Saturday 14 February 2009

B. Bucher-Mayor: La mort en acte

Image: Stuart Brisley.  Photo (c) Petra Köhle + Nicolas Vermot Petit-Outhenin

La performance de Stuart Brisley, pionnier de cet art, s’apparente à un langage, à une forme, un processus ou encore un matériau vivant à interpréter. La question à laquelle je voudrais répondre est la suivante : de quoi ça parle ? 

Le public est assis en trois rangées sur ce qui tient habituellement lieu de scène. En face de nous, sous une lumière crue, les gradins ont été recouverts de larges bandes d’un papier brun clair industriel. Devant nous, sur le sol également recouvert du même papier, trois tables et quatre chaises semblent attendre qu’on leur donne une histoire. Une table est noire, l’autre est recouverte d’un drap blanc, la troisième d’un objet allongé recouvert d’un drap noir. S’agit-il d’un cadavre ? Stuart Brisley va-t-il nous parler de la mort ?

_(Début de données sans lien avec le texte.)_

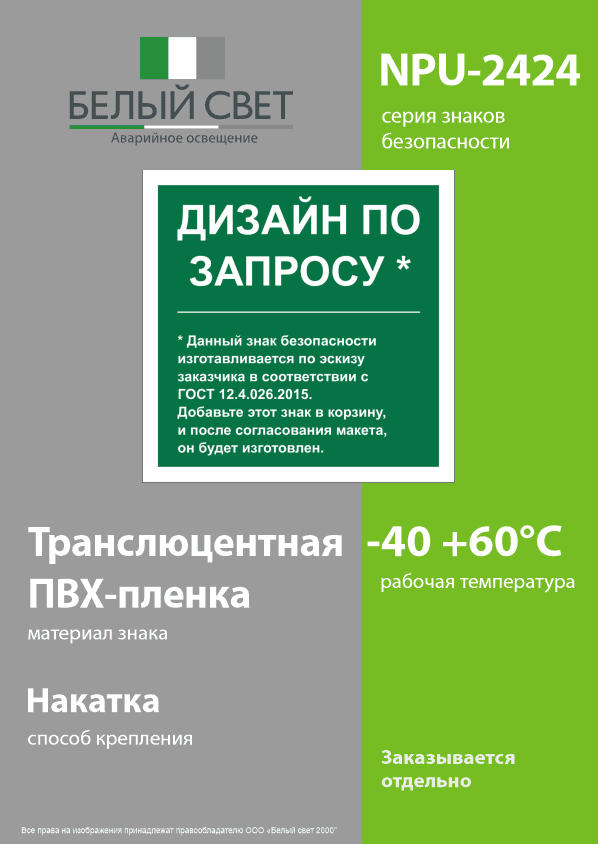 Знак безопасности NPU-2424.E90''Дизайн по запросу''
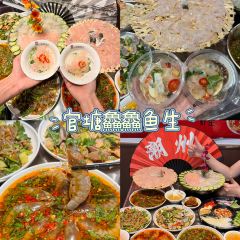 阿荣砂锅粥(永护路店) User Photo
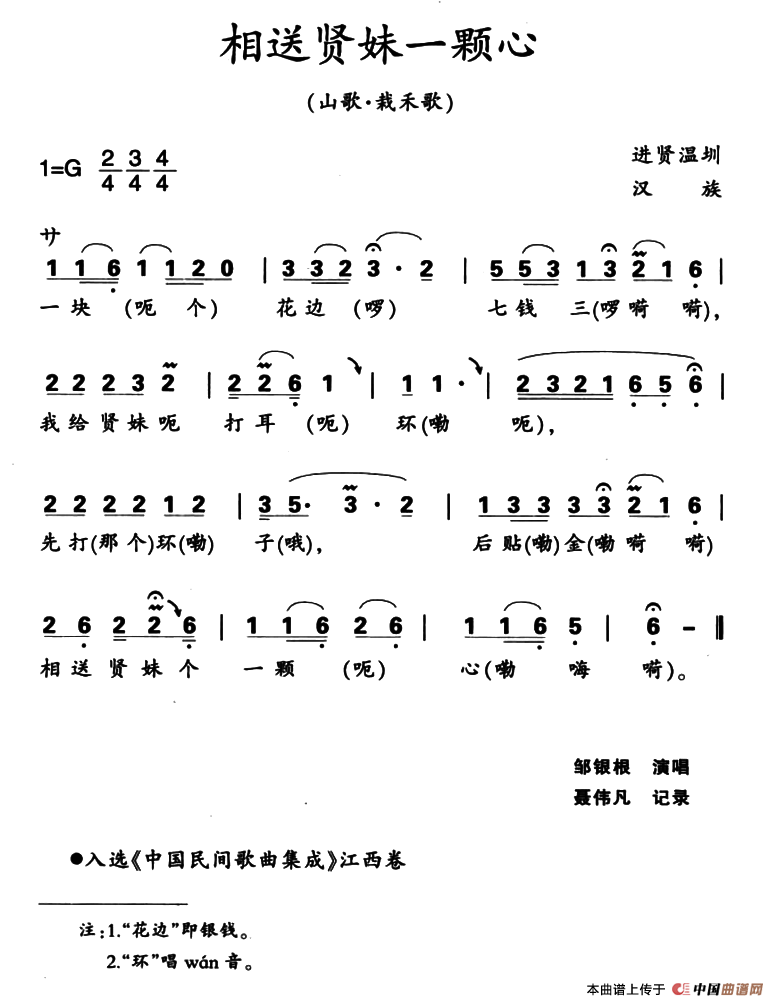 相送贤妹一颗心(1)：1.png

Il pose le décor en nous disant deux choses et se fait traduire en français pour qu’il soit compris de tous. La première concerne sa visite à la collection de l’art brut à Lausanne où il a entendu l’histoire d’un homme enfermé dans une institution pendant des années et qui retourne vivre dans sa famille à la fin de sa vie. Il retrouve sa maison d’enfance et se met à toucher les murs lentement, avec la plus grande attention. La seconde concerne une île en Ecosse où les habitants semblent dotés d’un pouvoir magique : celui de prédire la mort. Un prêtre interrogé à ce sujet répond qu’il n’est pas sûr que ce soit vrai, mais que cela s’expliquerait par le fait que les gens ne portent pas de chaussures.

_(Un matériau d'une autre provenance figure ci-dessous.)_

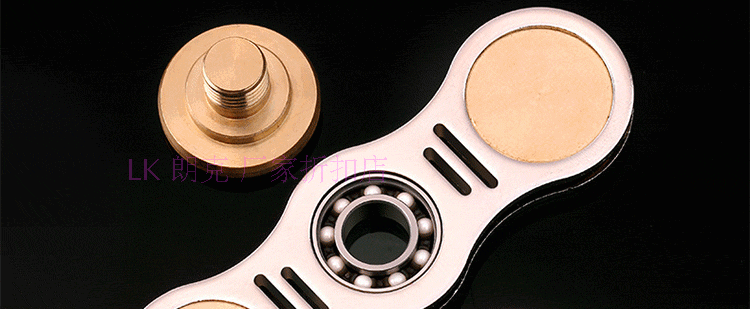Finger spinner LK   - Ref 2615972 Image 35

Qu’y a-t-il à sentir dans le contact avec un mur de son enfance ou encore avec la terre ? La performance va-t-elle nous faire sentir quelque chose directement ou indirectement à travers le regard que nous posons sur le performer ? Va-t-il nous parler de la mort ? Ou plutôt de la sensation de mort et des façons de s’y préparer, comme le ferait le chamane dans une dernière danse ?

L’artiste va dérouler une longue bande de papier industriel, le poser, puis le déchirer, le tirer, triturer, il va lui donner des formes mouvantes en le déployant devant sa tête, comme un masque organique et déformant. Il n’y a plus de visage, plus d’yeux, de bouche, de nez, d’oreilles, de cerveau. Il ne reste plus que le bruit du papier froissé et tiraillé en tout sens, plus que des jeux de mains dont le travail rythmé engloutit le visage. 

Il va ensuite dérouler un scotch brun en plastique autour des tables et chaises, en pressant son pouce sur le plastique pour le faire crisser ou chanter. Il va tourner longtemps autour de ces objets, comme pour délimiter l’espace où gît la forme d’un cadavre, comme pour circonscrire la question de la mort. En tournant, il tente d’éviter de faire tomber la forme avec le scotch : ce dernier pourrait l’emporter dans sa course. Au tour suivant, la forme cadavérique tombe. L’artiste s’arrête, se penche vers ce corps inerte et le repose avec délicatesse sur son autel. Il porte le corps dans ses bras, ce corps ostensiblement sans vie, mais comme s’il en possédait encore un peu. Le corps mort n’est pas complètement mort, il n’est pas devenu un assemblage inorganique se désagrégeant inexorablement. Il n’est pas du rien. Il n’est pas encore désincarné de son histoire. Pourtant en soulevant le drap, l’artiste nous fait découvrir un objet fabriqué avec le même papier industriel qui recouvre le sol. Cet objet a vaguement la forme d’un corps humain, avec une tête et un trou à la gorge. S’agit-il d’un pur artifice, d’une sorte de poupée à taille humaine ? Les manipulations de l’artiste en font tantôt un spectateur qu’il assied en haut des gradins, tantôt un alter ego qu’il serre tout contre son propre corps. Si la forme a l’apparence d’un objet dénué de vie, elle n’en semble pas pour autant « morte », ou du moins pas avant que le performer ne la décapite. Mais avant cette mise à mort, l’artiste plonge sa main dans sa gorge pour en extraire du papier chiffonné. Est-il en train de la vider, ou de la faire « accoucher d’une partie d’elle-même ?

La question de la mort posée au début de la performance n’a pas trouvé sa réponse. Elle gît sous mes yeux et continue de m’interroger. Comme le dit l’artiste : « et ça continue ». La performance à laquelle j’ai assisté ne m’a pas parlé de la mort. Il semble plutôt qu’elle m’ait permis de sentir ce qu’on peut vivre avec un thème aussi crucial, et comment ces expériences vivantes, ces actions autour de ce thème, finalement, me parlent.